Karhu is betting that its running heritage will pave a path through an ever-increasing crowd of new entries in running footwear. The Finland-based legendary running brand is also counting on its air of authenticity and its commitment to running specialty.

Born in 1916, Karhu (meaning “bear” in Finnish) originally made javelins and discuses, and was the inventor of the first removable spike. By the ’20s and ’30s, many of Europe’s track and field stars wore either Karhu or Adidas. At one time, Karhu owned Merrell and, interestingly enough, patented and sold Karhu running shoes with “Air Cushion” three years before Nike introduced “Air.” Also, Karhu skis, made under license by K2, Inc., remain prevalent in the marketplace.

In the running category, however, Karhu is probably most associated with the Flying Finns, a nickname given to several Finnish middle- and long-distance runners. The most famous were Paavo Nurmi, who won nine Olympic gold medals from 1920 to 1928; and Olavi Suomalainen, who won the 1972 Boston Marathon.

In June 2008, two footwear veterans – Huub Valkenburg and Jay Duke – acquired the Karhu trademark and patents in hopes of capitalizing on the brand’s running and outdoor history.

“We think Karhu is the last of the truly authentic athletic brands,” says Duke. “For Americans to understand the brand, I compare it to being the Converse of Europe – a legendary athletic brand that has never been managed properly. Karhu is a pioneer in running footwear, with sports enthusiasts in Europe right over there alongside Adidas.”

Duke should know about Converse. He used to head up that company’s strategic planning and business development efforts, and ran its sports performance and lifestyle business unit after it was sold to Nike. And, like Converse, Karhu has had a series of owners and numerous ups and downs over its history.

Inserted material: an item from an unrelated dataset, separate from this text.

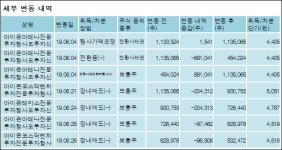 [ET투자뉴스][리드 지분 변동] 주식회사아이온자산운용 외 6명 -4.65%p 감소, 2.48% 보유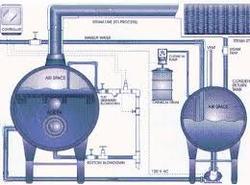 Water Treatment Boiler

The former owners rarely pushed to expand the brand outside of its core Scandinavian market.

“It’s real rich in history and had great products, but nobody grabbed Karhu’s potential with a strong brand vision on a global scale,” says Duke.

The new owners, who met while working at Reebok in the early ’90s, plan to re-launch the brand in March in run specialty. All models are inspired by Finnish design and are engineered with the patented Fulcrum technology, based on innovations Karhu brought to market in the ’70s and ’80s. The technology promotes the foot’s natural abilities in three fluid movements through the phases of the gait cycle, to reduce wasteful vertical forces and promote an efficient gait cycle.

“Our product is engineered to deliver a natural ride and feel,” says Duke.

While finding a spot on running walls remains a challenge, Duke said the company has already established some connections in the channel, thanks to Karhu CEO Valkenburg’s work in pioneering the Craft performance apparel brand in North America since 2000.

“Craft has grown under Huub’s guidance to be a top specialty base layer, bike, run and ski apparel brand with, hands down, some of the best functional apparel,” comments Duke. Compared to other brands, Duke also expects Karhu to benefit from its dedicated focus on run specialty, as well as a running heritage few others can claim. So far, the response from running stores has been positive, including a recent preview retail launch at Luke’s Locker in Dallas.

“Karhu is an authentic specialty running brand, so it is important for us to have them on our wall,” states Luke’s Locker President Matt Lucas. “Karhu provides us with a unique brand and product story to sell our customers, and has delivered the support we need to create sell-through.”

Duke hopes that Karhu’s authentic message, performance and its overall run specialty commitment will lead many run specialty owners to welcome back the Karhu name.
“The specialty market dynamic is changing,” says Duke. “The top five running brands in 2000 are totally different than today. The running specialty companies of yesterday are the sporting goods companies of today. Leading running specialty dealers say they must always reinvent themselves and we hope Karhu to be their best partner over the next decade.”